Rude to complain when a xmas party gets noisy at a restaurant?

This is definately not your romantic restaurant scene and a lrg group of women were enjoying their xmas party (seperated from the major restaurant by a partitian). This guy and his wife come in and sit - within minutes goes over to this group and complains that they are just too noisy and "could they keep it down"? I was shocked and actually felt bad for the party group. If he wanted a quite night out, first I wouldn't have chosen this chinese restaurant and second - toughen up, it's the holidays and folks are having their xmas parties. They were only laughing. It's not like they were drunk and behavior was rude. I wish I said something to him! "Happy Holidays Scrooge"!

Any thoughts?

  1. Click to Upload a photo (10 MB limit)
  1. I would have sent him a drink.
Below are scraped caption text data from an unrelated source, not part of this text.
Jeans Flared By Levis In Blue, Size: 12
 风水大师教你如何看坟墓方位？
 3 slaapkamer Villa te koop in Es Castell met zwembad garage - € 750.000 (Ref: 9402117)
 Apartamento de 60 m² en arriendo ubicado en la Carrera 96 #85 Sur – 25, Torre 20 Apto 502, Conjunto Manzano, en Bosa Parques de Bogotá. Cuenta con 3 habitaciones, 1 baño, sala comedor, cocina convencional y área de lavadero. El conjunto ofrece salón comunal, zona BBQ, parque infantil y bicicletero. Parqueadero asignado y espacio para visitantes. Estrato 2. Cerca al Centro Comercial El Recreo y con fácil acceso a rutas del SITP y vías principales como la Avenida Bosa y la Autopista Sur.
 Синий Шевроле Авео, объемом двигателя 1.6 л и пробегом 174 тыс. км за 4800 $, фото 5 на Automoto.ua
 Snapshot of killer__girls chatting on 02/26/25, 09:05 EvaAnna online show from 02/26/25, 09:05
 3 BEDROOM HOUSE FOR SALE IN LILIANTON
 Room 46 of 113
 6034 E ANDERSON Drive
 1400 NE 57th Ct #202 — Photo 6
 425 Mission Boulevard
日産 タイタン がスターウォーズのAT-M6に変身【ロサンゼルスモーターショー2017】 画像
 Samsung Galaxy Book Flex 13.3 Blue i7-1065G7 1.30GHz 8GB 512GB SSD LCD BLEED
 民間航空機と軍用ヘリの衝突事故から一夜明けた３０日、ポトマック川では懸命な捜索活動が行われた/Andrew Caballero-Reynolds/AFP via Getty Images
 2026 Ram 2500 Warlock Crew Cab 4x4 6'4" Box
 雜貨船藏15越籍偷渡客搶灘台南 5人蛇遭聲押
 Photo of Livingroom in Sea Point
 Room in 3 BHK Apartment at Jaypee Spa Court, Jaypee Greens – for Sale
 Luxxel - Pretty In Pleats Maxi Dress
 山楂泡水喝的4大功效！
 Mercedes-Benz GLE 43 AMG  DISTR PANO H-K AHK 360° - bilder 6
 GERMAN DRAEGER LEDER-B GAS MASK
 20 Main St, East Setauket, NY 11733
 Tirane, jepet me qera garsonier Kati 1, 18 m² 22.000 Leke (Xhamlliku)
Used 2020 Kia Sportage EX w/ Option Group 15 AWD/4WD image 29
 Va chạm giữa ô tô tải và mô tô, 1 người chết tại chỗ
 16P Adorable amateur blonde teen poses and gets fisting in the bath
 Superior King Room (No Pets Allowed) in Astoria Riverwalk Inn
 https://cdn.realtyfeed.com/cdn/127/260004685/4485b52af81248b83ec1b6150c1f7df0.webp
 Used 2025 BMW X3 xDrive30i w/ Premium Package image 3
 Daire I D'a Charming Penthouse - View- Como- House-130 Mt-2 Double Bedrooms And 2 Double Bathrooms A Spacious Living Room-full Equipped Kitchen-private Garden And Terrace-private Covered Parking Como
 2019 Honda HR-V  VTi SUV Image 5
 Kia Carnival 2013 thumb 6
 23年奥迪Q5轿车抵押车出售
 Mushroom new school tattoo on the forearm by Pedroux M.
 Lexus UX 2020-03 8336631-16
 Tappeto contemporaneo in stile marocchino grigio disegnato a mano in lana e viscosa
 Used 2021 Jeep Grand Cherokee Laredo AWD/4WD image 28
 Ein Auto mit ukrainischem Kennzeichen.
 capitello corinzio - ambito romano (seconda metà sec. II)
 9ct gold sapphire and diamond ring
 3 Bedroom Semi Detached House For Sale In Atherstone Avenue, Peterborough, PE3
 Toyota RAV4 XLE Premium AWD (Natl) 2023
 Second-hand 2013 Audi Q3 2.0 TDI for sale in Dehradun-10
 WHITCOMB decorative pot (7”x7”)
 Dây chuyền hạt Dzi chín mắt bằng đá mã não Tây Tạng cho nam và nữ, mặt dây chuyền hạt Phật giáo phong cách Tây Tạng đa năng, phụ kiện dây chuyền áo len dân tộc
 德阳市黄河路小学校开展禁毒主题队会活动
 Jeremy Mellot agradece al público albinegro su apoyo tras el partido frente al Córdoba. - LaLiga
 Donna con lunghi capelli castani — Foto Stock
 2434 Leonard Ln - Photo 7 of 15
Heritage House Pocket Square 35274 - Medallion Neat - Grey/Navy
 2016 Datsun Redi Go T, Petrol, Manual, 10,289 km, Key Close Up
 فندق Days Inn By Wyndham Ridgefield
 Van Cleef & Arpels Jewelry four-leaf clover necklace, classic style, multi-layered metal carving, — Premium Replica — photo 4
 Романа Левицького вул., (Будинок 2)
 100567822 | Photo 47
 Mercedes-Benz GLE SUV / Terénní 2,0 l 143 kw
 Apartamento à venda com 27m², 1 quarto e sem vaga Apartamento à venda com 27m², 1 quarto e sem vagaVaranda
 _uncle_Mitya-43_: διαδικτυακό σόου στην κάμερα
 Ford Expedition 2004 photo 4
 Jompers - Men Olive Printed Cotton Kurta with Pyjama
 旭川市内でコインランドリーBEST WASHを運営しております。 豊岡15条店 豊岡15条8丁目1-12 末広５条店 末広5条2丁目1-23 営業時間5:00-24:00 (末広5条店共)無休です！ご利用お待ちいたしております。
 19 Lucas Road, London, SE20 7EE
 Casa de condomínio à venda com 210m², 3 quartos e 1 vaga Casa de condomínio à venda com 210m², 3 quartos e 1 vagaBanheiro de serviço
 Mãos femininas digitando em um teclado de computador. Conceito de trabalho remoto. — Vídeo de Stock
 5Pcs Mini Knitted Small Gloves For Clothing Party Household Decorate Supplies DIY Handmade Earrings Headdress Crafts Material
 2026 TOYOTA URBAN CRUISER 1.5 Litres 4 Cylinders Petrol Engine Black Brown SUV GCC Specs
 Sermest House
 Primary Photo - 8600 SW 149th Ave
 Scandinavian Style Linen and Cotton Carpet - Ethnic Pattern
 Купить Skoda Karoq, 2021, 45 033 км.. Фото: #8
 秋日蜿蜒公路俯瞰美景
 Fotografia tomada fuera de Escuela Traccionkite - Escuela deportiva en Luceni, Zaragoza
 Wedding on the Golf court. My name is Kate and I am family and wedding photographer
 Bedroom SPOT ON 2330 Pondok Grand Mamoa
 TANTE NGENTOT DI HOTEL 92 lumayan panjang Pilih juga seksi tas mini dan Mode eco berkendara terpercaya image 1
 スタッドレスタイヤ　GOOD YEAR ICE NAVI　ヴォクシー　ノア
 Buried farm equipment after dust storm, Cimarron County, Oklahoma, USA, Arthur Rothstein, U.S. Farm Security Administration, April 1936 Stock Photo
It's Christmas. And as you stated, not a romantic restaurant.

    1 Reply
    1. re: Janet from Richmond

      Janet, great idea, meet him head on with some class and kindness and make him feel like the smuck he was for insisting on quiet. If I had witnessed it I would have sent him the drink with two olives with instructions to plug his ears with them.....

    2. He was a bit out of line. A Chinese restaurant can get noisy, and as you said - if he wanted a quiet night, that was not the place.

      Did management go over to the larger group and ask them to lower their voices?

      6 Replies
      1. re: LindaWhit

        Didn't go to management at all, in fact wasn't seated more than 5 minutes and up he went to speak to this group.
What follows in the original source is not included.